▸ **Required action**: From the records below, print exactly the lines starting at the one containing "Pixel Staff free" and ending at the one containing "25123 Takim 44-46", ends included, and nothing else.

▸ **Material shown**:

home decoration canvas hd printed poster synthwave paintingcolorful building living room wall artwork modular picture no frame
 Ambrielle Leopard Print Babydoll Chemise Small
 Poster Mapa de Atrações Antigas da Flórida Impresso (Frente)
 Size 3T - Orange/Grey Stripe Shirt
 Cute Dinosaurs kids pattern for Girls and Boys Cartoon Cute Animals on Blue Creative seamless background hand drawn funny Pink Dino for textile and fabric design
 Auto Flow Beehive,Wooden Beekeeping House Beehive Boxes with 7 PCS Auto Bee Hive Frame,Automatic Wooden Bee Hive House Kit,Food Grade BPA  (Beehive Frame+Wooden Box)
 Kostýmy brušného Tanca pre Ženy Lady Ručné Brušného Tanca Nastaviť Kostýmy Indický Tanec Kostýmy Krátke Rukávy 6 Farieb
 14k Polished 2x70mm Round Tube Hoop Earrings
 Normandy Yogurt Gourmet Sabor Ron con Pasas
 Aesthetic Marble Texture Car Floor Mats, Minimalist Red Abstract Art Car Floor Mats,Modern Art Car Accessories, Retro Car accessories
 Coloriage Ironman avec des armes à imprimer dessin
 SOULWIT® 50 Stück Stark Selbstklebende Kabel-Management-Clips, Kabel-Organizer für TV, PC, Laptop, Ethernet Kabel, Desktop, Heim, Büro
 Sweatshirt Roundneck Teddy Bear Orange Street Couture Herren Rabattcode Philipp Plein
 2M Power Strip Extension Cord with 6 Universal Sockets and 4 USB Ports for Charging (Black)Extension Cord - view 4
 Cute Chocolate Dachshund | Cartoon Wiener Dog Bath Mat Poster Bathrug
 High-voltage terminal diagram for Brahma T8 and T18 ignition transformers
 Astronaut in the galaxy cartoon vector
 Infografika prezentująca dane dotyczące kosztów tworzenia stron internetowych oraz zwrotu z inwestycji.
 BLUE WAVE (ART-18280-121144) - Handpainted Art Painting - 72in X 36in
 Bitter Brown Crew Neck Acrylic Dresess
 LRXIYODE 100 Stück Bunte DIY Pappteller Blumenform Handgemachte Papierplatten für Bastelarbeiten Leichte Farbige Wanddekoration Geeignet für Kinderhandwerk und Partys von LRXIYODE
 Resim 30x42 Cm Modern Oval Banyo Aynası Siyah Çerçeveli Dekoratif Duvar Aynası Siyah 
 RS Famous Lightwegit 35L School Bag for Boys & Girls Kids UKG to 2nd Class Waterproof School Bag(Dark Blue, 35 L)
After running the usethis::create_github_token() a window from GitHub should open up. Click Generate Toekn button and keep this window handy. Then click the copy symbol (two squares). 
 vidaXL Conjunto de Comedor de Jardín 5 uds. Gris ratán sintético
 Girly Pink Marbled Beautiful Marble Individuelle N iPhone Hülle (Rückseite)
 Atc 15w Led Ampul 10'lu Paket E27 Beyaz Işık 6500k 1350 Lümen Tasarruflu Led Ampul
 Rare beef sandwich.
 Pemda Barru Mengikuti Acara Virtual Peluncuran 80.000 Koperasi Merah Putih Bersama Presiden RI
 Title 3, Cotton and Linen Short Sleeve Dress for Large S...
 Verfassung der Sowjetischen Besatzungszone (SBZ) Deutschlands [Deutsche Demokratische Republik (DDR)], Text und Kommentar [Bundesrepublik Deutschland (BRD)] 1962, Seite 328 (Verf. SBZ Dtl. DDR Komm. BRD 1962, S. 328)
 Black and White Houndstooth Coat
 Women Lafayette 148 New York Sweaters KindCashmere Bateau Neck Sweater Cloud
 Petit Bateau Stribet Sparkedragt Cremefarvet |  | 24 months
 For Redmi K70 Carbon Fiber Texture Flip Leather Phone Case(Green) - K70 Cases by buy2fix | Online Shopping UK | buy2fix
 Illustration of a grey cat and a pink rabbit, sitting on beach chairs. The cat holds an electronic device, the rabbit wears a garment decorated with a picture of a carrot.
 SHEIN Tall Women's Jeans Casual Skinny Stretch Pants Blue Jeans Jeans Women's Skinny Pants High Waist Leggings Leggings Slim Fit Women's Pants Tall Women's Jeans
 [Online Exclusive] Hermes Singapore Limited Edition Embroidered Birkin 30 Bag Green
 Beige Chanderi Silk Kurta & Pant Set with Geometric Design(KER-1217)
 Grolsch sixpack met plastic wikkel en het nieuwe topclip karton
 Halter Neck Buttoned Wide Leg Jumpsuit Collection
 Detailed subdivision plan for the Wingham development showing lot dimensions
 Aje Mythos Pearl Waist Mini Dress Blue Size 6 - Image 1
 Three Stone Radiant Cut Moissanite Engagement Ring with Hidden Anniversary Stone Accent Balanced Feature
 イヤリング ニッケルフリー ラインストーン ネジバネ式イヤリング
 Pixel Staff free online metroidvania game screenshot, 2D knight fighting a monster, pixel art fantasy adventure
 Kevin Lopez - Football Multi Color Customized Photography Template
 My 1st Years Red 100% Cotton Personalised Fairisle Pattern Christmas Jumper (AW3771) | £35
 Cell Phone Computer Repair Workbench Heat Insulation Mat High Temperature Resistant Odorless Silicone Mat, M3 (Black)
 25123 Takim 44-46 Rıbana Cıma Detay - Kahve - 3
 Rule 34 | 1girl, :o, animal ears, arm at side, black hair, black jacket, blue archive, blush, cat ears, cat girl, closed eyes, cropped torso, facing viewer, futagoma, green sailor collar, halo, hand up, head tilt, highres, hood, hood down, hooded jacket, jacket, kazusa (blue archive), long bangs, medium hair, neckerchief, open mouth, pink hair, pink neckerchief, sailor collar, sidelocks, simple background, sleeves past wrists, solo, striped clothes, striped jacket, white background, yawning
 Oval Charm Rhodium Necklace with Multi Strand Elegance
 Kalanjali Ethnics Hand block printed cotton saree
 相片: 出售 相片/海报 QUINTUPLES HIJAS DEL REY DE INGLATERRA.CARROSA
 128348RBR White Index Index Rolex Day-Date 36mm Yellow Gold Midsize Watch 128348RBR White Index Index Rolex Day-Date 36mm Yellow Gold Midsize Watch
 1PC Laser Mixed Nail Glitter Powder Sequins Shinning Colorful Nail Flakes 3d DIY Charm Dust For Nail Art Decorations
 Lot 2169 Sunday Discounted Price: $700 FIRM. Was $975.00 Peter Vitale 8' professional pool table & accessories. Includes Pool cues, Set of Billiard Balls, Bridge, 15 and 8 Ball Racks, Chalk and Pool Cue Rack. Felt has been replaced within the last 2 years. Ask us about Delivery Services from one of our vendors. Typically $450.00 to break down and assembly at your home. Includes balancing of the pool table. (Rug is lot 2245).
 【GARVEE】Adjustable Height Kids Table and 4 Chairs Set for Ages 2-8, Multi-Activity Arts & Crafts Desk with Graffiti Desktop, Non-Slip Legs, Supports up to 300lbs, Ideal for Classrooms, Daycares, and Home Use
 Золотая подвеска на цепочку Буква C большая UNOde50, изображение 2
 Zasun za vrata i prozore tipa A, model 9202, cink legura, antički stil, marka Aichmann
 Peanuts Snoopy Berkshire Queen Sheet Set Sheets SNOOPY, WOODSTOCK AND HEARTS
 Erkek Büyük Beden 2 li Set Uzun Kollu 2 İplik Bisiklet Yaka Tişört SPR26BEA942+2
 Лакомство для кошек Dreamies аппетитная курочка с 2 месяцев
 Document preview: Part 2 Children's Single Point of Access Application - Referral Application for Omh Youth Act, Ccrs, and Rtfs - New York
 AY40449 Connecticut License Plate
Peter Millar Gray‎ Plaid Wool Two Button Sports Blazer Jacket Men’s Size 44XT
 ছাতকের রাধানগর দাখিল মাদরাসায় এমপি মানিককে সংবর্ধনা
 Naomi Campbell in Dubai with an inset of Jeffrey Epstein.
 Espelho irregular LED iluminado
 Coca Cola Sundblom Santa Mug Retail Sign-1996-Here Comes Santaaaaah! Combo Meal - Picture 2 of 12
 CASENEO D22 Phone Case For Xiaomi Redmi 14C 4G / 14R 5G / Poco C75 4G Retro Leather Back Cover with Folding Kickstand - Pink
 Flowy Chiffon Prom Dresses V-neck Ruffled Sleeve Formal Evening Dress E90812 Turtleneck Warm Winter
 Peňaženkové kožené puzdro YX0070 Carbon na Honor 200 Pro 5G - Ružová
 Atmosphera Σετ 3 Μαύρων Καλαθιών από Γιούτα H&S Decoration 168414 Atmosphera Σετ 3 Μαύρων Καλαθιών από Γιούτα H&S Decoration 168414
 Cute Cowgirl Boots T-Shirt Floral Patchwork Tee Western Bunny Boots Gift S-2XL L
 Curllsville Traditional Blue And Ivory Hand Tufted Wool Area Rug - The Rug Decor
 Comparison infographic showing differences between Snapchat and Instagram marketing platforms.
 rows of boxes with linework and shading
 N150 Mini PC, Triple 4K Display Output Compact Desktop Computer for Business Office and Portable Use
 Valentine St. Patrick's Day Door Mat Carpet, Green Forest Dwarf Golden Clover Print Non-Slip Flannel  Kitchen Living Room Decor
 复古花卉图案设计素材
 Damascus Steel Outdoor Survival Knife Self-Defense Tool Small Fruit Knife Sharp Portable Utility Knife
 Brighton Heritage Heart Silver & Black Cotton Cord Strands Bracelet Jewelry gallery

▸ **Problem solution**:
 Pixel Staff free online metroidvania game screenshot, 2D knight fighting a monster, pixel art fantasy adventure
 Kevin Lopez - Football Multi Color Customized Photography Template
 My 1st Years Red 100% Cotton Personalised Fairisle Pattern Christmas Jumper (AW3771) | £35
 Cell Phone Computer Repair Workbench Heat Insulation Mat High Temperature Resistant Odorless Silicone Mat, M3 (Black)
 25123 Takim 44-46 Rıbana Cıma Detay - Kahve - 3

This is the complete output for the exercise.